Task brief: For every entry, output the exact wording.

Material for this exercise:
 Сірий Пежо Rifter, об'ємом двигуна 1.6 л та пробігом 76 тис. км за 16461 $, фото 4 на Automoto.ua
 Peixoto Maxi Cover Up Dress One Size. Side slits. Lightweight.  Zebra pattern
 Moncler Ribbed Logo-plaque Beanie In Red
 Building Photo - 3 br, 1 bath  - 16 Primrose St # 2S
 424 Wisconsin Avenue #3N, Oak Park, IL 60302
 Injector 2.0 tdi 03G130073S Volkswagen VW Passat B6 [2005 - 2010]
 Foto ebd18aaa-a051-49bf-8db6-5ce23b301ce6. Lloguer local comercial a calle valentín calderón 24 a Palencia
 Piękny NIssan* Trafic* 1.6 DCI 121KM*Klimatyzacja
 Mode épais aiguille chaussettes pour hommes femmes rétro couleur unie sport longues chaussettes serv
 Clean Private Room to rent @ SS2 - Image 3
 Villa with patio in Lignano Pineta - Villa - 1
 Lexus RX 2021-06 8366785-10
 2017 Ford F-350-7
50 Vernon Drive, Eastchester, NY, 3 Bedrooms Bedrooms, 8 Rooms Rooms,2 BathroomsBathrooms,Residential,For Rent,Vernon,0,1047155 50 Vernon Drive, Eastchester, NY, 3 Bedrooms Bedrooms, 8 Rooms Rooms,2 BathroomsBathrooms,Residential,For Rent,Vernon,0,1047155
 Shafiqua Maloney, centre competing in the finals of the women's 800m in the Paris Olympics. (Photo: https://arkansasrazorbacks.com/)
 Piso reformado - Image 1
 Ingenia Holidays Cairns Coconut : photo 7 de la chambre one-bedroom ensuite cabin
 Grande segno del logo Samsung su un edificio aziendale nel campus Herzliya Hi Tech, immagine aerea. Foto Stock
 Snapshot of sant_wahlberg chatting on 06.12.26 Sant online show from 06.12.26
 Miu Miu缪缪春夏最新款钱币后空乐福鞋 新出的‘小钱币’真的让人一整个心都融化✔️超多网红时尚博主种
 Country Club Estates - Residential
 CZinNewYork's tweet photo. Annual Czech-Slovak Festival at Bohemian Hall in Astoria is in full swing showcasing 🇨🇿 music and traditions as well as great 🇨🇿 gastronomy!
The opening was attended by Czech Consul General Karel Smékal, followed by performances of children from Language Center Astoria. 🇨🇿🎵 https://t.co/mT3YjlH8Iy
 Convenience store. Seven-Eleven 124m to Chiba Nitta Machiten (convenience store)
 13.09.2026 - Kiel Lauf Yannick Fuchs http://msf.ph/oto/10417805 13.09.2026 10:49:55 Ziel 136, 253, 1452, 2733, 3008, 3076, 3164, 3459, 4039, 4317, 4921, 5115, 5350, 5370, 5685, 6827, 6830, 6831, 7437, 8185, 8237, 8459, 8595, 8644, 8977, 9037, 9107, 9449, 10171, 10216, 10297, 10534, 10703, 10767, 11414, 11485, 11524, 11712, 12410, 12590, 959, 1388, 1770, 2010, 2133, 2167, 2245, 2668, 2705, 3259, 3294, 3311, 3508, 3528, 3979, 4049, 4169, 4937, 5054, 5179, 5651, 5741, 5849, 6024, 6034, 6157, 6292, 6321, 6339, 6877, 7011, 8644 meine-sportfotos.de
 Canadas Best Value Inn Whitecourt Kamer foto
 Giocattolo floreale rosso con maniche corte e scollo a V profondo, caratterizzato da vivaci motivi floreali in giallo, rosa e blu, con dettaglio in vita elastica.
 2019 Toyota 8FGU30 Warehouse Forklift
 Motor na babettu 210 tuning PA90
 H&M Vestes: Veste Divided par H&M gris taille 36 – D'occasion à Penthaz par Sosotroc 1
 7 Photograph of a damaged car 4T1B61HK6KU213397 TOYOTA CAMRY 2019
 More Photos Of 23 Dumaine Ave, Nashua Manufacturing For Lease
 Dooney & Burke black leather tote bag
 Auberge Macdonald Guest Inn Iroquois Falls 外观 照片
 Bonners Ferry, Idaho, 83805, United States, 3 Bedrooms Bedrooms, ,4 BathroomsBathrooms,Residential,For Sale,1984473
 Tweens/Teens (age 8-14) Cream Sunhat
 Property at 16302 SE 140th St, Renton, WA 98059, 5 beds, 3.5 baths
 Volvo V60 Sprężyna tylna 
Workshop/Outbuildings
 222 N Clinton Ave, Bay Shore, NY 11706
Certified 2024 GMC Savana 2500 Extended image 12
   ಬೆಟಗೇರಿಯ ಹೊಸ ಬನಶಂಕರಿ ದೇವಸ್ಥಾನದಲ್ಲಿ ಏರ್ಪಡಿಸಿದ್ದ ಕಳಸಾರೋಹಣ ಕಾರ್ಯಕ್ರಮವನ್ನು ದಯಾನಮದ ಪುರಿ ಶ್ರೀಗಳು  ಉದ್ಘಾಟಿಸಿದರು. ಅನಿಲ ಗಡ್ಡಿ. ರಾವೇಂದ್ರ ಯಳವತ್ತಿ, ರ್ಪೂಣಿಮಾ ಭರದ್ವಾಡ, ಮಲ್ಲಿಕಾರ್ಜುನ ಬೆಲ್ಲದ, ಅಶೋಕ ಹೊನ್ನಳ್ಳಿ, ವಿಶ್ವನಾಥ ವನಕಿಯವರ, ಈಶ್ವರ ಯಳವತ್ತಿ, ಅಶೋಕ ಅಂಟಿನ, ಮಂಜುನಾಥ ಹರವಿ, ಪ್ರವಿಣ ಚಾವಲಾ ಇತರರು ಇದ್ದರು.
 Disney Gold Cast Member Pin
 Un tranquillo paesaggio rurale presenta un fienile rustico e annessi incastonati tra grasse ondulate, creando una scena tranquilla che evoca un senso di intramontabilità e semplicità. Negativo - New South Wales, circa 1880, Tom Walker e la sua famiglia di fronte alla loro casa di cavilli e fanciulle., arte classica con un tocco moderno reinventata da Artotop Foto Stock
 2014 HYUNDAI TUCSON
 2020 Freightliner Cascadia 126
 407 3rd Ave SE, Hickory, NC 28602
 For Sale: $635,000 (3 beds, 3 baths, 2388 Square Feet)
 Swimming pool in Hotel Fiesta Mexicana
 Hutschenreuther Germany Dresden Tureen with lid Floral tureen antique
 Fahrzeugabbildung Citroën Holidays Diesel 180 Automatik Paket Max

Exercise output:
 Сірий Пежо Rifter, об'ємом двигуна 1.6 л та пробігом 76 тис. км за 16461 $, фото 4 на Automoto.ua
 Peixoto Maxi Cover Up Dress One Size. Side slits. Lightweight.  Zebra pattern
 Moncler Ribbed Logo-plaque Beanie In Red
 Building Photo - 3 br, 1 bath  - 16 Primrose St # 2S
 424 Wisconsin Avenue #3N, Oak Park, IL 60302
 Injector 2.0 tdi 03G130073S Volkswagen VW Passat B6 [2005 - 2010]
 Foto ebd18aaa-a051-49bf-8db6-5ce23b301ce6. Lloguer local comercial a calle valentín calderón 24 a Palencia
 Piękny NIssan* Trafic* 1.6 DCI 121KM*Klimatyzacja
 Mode épais aiguille chaussettes pour hommes femmes rétro couleur unie sport longues chaussettes serv
 Clean Private Room to rent @ SS2 - Image 3
 Villa with patio in Lignano Pineta - Villa - 1
 Lexus RX 2021-06 8366785-10
 2017 Ford F-350-7
50 Vernon Drive, Eastchester, NY, 3 Bedrooms Bedrooms, 8 Rooms Rooms,2 BathroomsBathrooms,Residential,For Rent,Vernon,0,1047155 50 Vernon Drive, Eastchester, NY, 3 Bedrooms Bedrooms, 8 Rooms Rooms,2 BathroomsBathrooms,Residential,For Rent,Vernon,0,1047155
 Shafiqua Maloney, centre competing in the finals of the women's 800m in the Paris Olympics. (Photo: https://arkansasrazorbacks.com/)
 Piso reformado - Image 1
 Ingenia Holidays Cairns Coconut : photo 7 de la chambre one-bedroom ensuite cabin
 Grande segno del logo Samsung su un edificio aziendale nel campus Herzliya Hi Tech, immagine aerea. Foto Stock
 Snapshot of sant_wahlberg chatting on 06.12.26 Sant online show from 06.12.26
 Miu Miu缪缪春夏最新款钱币后空乐福鞋 新出的‘小钱币’真的让人一整个心都融化✔️超多网红时尚博主种
 Country Club Estates - Residential
 CZinNewYork's tweet photo. Annual Czech-Slovak Festival at Bohemian Hall in Astoria is in full swing showcasing 🇨🇿 music and traditions as well as great 🇨🇿 gastronomy!
The opening was attended by Czech Consul General Karel Smékal, followed by performances of children from Language Center Astoria. 🇨🇿🎵 https://t.co/mT3YjlH8Iy
 Convenience store. Seven-Eleven 124m to Chiba Nitta Machiten (convenience store)
 13.09.2026 - Kiel Lauf Yannick Fuchs http://msf.ph/oto/10417805 13.09.2026 10:49:55 Ziel 136, 253, 1452, 2733, 3008, 3076, 3164, 3459, 4039, 4317, 4921, 5115, 5350, 5370, 5685, 6827, 6830, 6831, 7437, 8185, 8237, 8459, 8595, 8644, 8977, 9037, 9107, 9449, 10171, 10216, 10297, 10534, 10703, 10767, 11414, 11485, 11524, 11712, 12410, 12590, 959, 1388, 1770, 2010, 2133, 2167, 2245, 2668, 2705, 3259, 3294, 3311, 3508, 3528, 3979, 4049, 4169, 4937, 5054, 5179, 5651, 5741, 5849, 6024, 6034, 6157, 6292, 6321, 6339, 6877, 7011, 8644 meine-sportfotos.de
 Canadas Best Value Inn Whitecourt Kamer foto
 Giocattolo floreale rosso con maniche corte e scollo a V profondo, caratterizzato da vivaci motivi floreali in giallo, rosa e blu, con dettaglio in vita elastica.
 2019 Toyota 8FGU30 Warehouse Forklift
 Motor na babettu 210 tuning PA90
 H&M Vestes: Veste Divided par H&M gris taille 36 – D'occasion à Penthaz par Sosotroc 1
 7 Photograph of a damaged car 4T1B61HK6KU213397 TOYOTA CAMRY 2019
 More Photos Of 23 Dumaine Ave, Nashua Manufacturing For Lease
 Dooney & Burke black leather tote bag
 Auberge Macdonald Guest Inn Iroquois Falls 外观 照片
 Bonners Ferry, Idaho, 83805, United States, 3 Bedrooms Bedrooms, ,4 BathroomsBathrooms,Residential,For Sale,1984473
 Tweens/Teens (age 8-14) Cream Sunhat
 Property at 16302 SE 140th St, Renton, WA 98059, 5 beds, 3.5 baths
 Volvo V60 Sprężyna tylna 
Workshop/Outbuildings
 222 N Clinton Ave, Bay Shore, NY 11706
Certified 2024 GMC Savana 2500 Extended image 12
   ಬೆಟಗೇರಿಯ ಹೊಸ ಬನಶಂಕರಿ ದೇವಸ್ಥಾನದಲ್ಲಿ ಏರ್ಪಡಿಸಿದ್ದ ಕಳಸಾರೋಹಣ ಕಾರ್ಯಕ್ರಮವನ್ನು ದಯಾನಮದ ಪುರಿ ಶ್ರೀಗಳು  ಉದ್ಘಾಟಿಸಿದರು. ಅನಿಲ ಗಡ್ಡಿ. ರಾವೇಂದ್ರ ಯಳವತ್ತಿ, ರ್ಪೂಣಿಮಾ ಭರದ್ವಾಡ, ಮಲ್ಲಿಕಾರ್ಜುನ ಬೆಲ್ಲದ, ಅಶೋಕ ಹೊನ್ನಳ್ಳಿ, ವಿಶ್ವನಾಥ ವನಕಿಯವರ, ಈಶ್ವರ ಯಳವತ್ತಿ, ಅಶೋಕ ಅಂಟಿನ, ಮಂಜುನಾಥ ಹರವಿ, ಪ್ರವಿಣ ಚಾವಲಾ ಇತರರು ಇದ್ದರು.
 Disney Gold Cast Member Pin
 Un tranquillo paesaggio rurale presenta un fienile rustico e annessi incastonati tra grasse ondulate, creando una scena tranquilla che evoca un senso di intramontabilità e semplicità. Negativo - New South Wales, circa 1880, Tom Walker e la sua famiglia di fronte alla loro casa di cavilli e fanciulle., arte classica con un tocco moderno reinventata da Artotop Foto Stock
 2014 HYUNDAI TUCSON
 2020 Freightliner Cascadia 126
 407 3rd Ave SE, Hickory, NC 28602
 For Sale: $635,000 (3 beds, 3 baths, 2388 Square Feet)
 Swimming pool in Hotel Fiesta Mexicana
 Hutschenreuther Germany Dresden Tureen with lid Floral tureen antique
 Fahrzeugabbildung Citroën Holidays Diesel 180 Automatik Paket Max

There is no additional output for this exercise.